# two piece hiking pole



## cobalt (Nov 14, 2013)

A friend wants a two pice hiking pole i said i would consider doing it if i had the right shank for the job.

the fixtures needs a 12mm hole drilling in the cntre of the shank so a fair size shank would be needed. so had a look at the few shanks i have left thats seasoned, a tad bent so will have to straighten it

just need to check the measurements before i commit myself to it and it needs straighting, he is a tall well built man and think the shank may be a bit on the small size for him ,The shank is under 1.2 m which i would noramally use for the small/ average man

a couple of photos of the shank and the fixtures needed for the job, he never said what he wanted on the top of it, but i know he keeps a rare breed of sheep called soay so will have to check the bread out for some photos


----------



## CV3 (Jan 30, 2014)

When you are drilling a 12mm hole do you use a 25mm diameter or bigger shank? It would seem 1.2m may be a bit short if he is a tall man. Would you add 50mm with thumb stick top?


----------



## cobalt (Nov 14, 2013)

your right in all cases havnt mesured the diameter yet . the thing is when or if i cut the shank in half i just hope i have the right angle as its all done by hand and eye. like all drilling a tall piece theres no jig for it , i just close my eyes and think of england lol


----------



## CV3 (Jan 30, 2014)

As far as the right angle a Miter Box works great. You can get precision one at a good price. I made the first one and used it for years. I still use one for cutting my sticks. I clamp the stick to it I get a smooth square cut every time. A drilling jig that works petty well is not had to make either. Before I got my Shop Smith. I made my own.

Drilling jig.

I. Cut 2 or 3 2"x 4" 5"long. then cut a matching number of 1"x 4" the same size.

2. draw an x going corner to corner on each of the blocks 2 x 4 blocks gave me a center point.

3. I drill a hole in center of each of the blocks each hole will be different sizes. I use one of these 3 size allthread, 5/16th" , 3/8th" or 1/4th" to connect toppers to the shaft. Using 3 2"x 4" blocks I drilled one size hole in the center each 2"x 4".To make sure that each hole is square I use piece of heavy tin bent in a L shape. It will work well as drilling guide for a straight hole.( See Picture. )

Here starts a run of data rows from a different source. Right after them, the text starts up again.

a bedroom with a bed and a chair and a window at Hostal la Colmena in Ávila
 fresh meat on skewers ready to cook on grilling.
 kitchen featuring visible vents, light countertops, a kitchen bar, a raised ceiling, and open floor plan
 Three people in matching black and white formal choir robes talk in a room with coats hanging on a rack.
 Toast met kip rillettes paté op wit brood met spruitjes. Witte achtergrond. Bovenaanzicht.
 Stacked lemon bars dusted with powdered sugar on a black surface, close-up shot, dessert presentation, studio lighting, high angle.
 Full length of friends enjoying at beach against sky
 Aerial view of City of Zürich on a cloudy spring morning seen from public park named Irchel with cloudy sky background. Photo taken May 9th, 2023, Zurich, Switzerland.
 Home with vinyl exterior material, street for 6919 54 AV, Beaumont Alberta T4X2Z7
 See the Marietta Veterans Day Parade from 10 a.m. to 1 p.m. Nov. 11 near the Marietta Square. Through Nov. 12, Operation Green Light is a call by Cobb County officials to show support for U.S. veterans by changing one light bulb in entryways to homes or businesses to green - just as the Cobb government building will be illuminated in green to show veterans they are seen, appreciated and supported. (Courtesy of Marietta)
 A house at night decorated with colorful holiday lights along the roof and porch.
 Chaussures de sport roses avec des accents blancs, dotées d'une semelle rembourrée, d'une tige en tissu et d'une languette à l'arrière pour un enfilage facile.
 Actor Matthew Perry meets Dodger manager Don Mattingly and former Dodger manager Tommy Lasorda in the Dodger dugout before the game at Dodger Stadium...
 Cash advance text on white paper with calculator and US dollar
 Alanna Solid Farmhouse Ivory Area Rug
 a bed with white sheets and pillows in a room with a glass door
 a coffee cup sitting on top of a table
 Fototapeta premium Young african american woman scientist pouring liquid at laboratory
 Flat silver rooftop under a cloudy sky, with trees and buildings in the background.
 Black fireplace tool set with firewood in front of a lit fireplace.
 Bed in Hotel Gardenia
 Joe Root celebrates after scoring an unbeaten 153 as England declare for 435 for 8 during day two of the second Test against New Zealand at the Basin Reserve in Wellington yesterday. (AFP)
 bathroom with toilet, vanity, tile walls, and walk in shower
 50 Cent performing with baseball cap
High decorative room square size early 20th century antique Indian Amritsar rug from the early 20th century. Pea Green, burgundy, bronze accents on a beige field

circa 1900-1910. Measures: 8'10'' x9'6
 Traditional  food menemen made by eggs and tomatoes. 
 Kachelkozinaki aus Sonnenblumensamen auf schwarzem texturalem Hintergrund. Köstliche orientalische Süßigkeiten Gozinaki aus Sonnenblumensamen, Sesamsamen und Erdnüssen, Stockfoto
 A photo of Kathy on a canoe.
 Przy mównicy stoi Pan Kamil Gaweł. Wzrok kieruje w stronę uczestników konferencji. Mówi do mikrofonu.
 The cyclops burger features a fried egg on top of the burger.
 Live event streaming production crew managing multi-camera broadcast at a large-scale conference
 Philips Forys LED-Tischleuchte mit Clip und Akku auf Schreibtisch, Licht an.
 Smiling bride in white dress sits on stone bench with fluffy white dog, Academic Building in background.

4. I would choose 2x4 block with the size hole I needed and would place it square on the top of a 1x4. Then using the hole in the 2x4 I marked the center on the 1x4 with a pencil.

5. Then I would put a small nail or brad in the center of the top of the shaft or shank. Then drill a small hole in the center mark on the 1x4 about the size of the brad or nail. Then place nail coming out of the shaft in that hole and trace around the shaft. Then if you have a drill bit just a bit smaller than the shape of the tracing of the top of the shaft drill a hole.Then with a file or a coping saw make the hole the same size and shape of the shaft.

6. Then using 4 screws attach the 1x4 to the 2x4.

7. Then you have a drill jig that fits on top of the shaft and you can drill a straight hole in to the shaft.

If most of you shafts are basically the same size you can reuse the same jig. I had about 10 different 1x4 's cut outs. I could almost always fined on that fit the shaft I was using.

I hope this is useful.


----------



## CV3 (Jan 30, 2014)

As far as the right angle a Miter Box works great. You can get precision one at a good price. I made the first one and used it for years. I still use one for cutting my sticks. I clamp the stick to it I get a smooth square cut every time. A drilling jig that works petty well is not had to make either. Before I got my Shop Smith. I made my own.

Drilling jig.

I. Cut 2 or 3 2"x 4" 5"long. then cut a matching number of 1"x 4" the same size.

2. draw an x going corner to corner on each of the blocks 2 x 4 blocks gave me a center point.

3. I drill a hole in center of each of the blocks each hole will be different sizes. I use one of these 3 size allthread, 5/16th" , 3/8th" or 1/4th" to connect toppers to the shaft. Using 3 2"x 4" blocks I drilled one size hole in the center each 2"x 4".To make sure that each hole is square I use piece of heavy tin bent in a L shape. It will work well as drilling guide for a straight hole.( See Picture. )

4. I would choose 2x4 block with the size hole I needed and would place it square on the top of a 1x4. Then using the hole in the 2x4 I marked the center on the 1x4 with a pencil.

5. Then I would put a small nail or brad in the center of the top of the shaft or shank. Then drill a small hole in the center mark on the 1x4 about the size of the brad or nail. Then place nail coming out of the shaft in that hole and trace around the shaft. Then if you have a drill bit just a bit smaller than the shape of the tracing of the top of the shaft drill a hole.Then with a file or a coping saw make the hole the same size and shape of the shaft.

6. Then using 4 screws attach the 1x4 to the 2x4.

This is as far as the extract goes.